Bardzo smutne informacje dotyczące polskiego sportowego rynku prasowego dotarły do nas w ostatnim czasie. Wydawany od 1945 roku dziennik „Sport” z końcem listopada bieżącego roku ma przestać istnieć. Jedynym dniem w którym ta zasłużona gazeta z siedzibą w Katowicach nie ukazuje się w sprzedaży jest niedziela.
„Sport” pisał oczywiście o bardzo wielu dyscyplinach – zarówno popularnych jak i niszowych. Zdecydowanie najwięcej o piłce nożnej lecz należy zaznaczyć iż był okres czasu gdy jedną z najobszerniej opisywanych dyscyplin sportowych w gazecie był żużel. Oto co w mediach społecznościowych napisał jeden z czytelników gazety:
Brak słów, gazeta która wychowywała całe pokolenia również moją skromną osobę ,od małego chłopca z podstawówki do teraz to dla mnie jako kibica sportowego była jest i niestety już nie będzie lektura obowiązkowa zawsze trzymająca wybitny poziom merytoryczny, nie patrząca nigdy na obowiązujące trendy i nie ” małpująca ” konkurencji, posiadająca genialnych dziennikarzy. Wielka strata i kolejna już papierowa gazeta, która znika z rynku, tym razem gazeta, której nie zastąpi nigdy żaden sportowy dziennik.

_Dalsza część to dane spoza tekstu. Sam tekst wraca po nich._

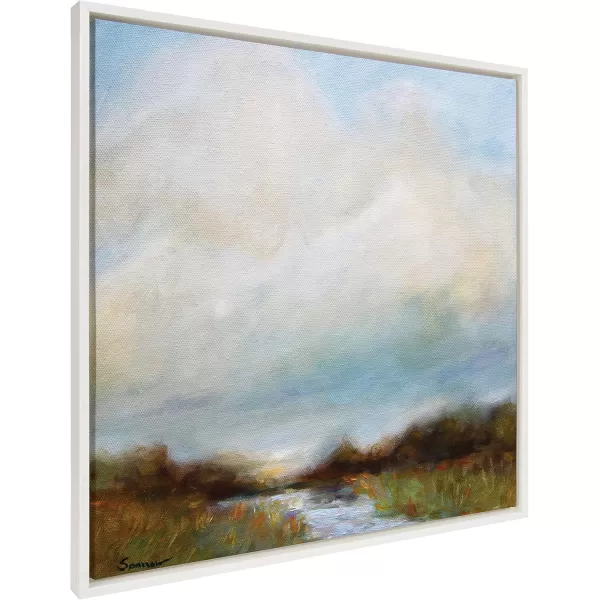 imageKate and Laurel Sylvie Tranquility Framed Canvas Wall Art by Mary Sparrow 30x30 Gold Peaceful Nature Ocean Beach Landscape Art for WallWhite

„Sport” nie zawsze był kolportowany w całej Polsce – w ostatnich latach kupić go można było w czterech województwach na południu naszego kraju. Prawdopodobną przyczyną likwidacji gazety jest ogólny spadek jej sprzedaży – co dotyczy zresztą prasy drukowanej w ogóle.
Po zniknięciu z rynku tytułu nie będzie już w naszym kraju ani jednego dziennika piszącego o sporcie – w przeszłości były aż 3 – „Sport”, „Tempo” oraz „Przegląd Sportowy”. Druga z wymienionych gazet nie istnieje już od dawna, trzecia z nich dość niedawno przestała ukazywać się codziennie na rzecz 2 wydań w tygodniu. Katowicką gazetę czytało wiele pokoleń kibiców a jej likwidacja będzie dużą stratą dla sportowej społeczności.
PS. Jak się dowiedzieliśmy w czwartek dnia 9.11 jest jeszcze iskierka nadziei i gazeta będzie jeszcze walczyć o przetrwanie. Oto co przekazał tego dnia w „przestrzeni internetowej” zespół redakcyjny:
„Sport” to tytuł legenda, wartość sama w sobie. Przez prawie 80 lat pracowały tutaj dziennikarskie znakomitości, żeby wymienić Tadeusza Maliszewskiego, Janusza Jelenia, na którego książkach o futbolu się wychowałem, Andrzeja Gowarzewskiego, Stanisława Penara, Grzegorza Stańskiego… można wymieniać bez końca. Wielu obecnych dziennikarzy, z Andrzejem Grygierczykiem, Andrzejem Wasikiem, Jackiem Błasiakiem czy Bogdanem Natherem, pracuje tutaj od dziesiątek lat. Czy popracują dalej? Na razie wydawca postanowił inaczej, ale powalczyć o uratowanie gazety – przede wszystkim dla naszych wiernych Czytelników – trzeba. Dopóki walczysz, jesteś zwycięzcą i tak powinno być w „Sporcie”.
Trzymajmy kciuki bardzo mocno by ten jakże zasłużony tytuł przetrwał jednak na polskim rynku.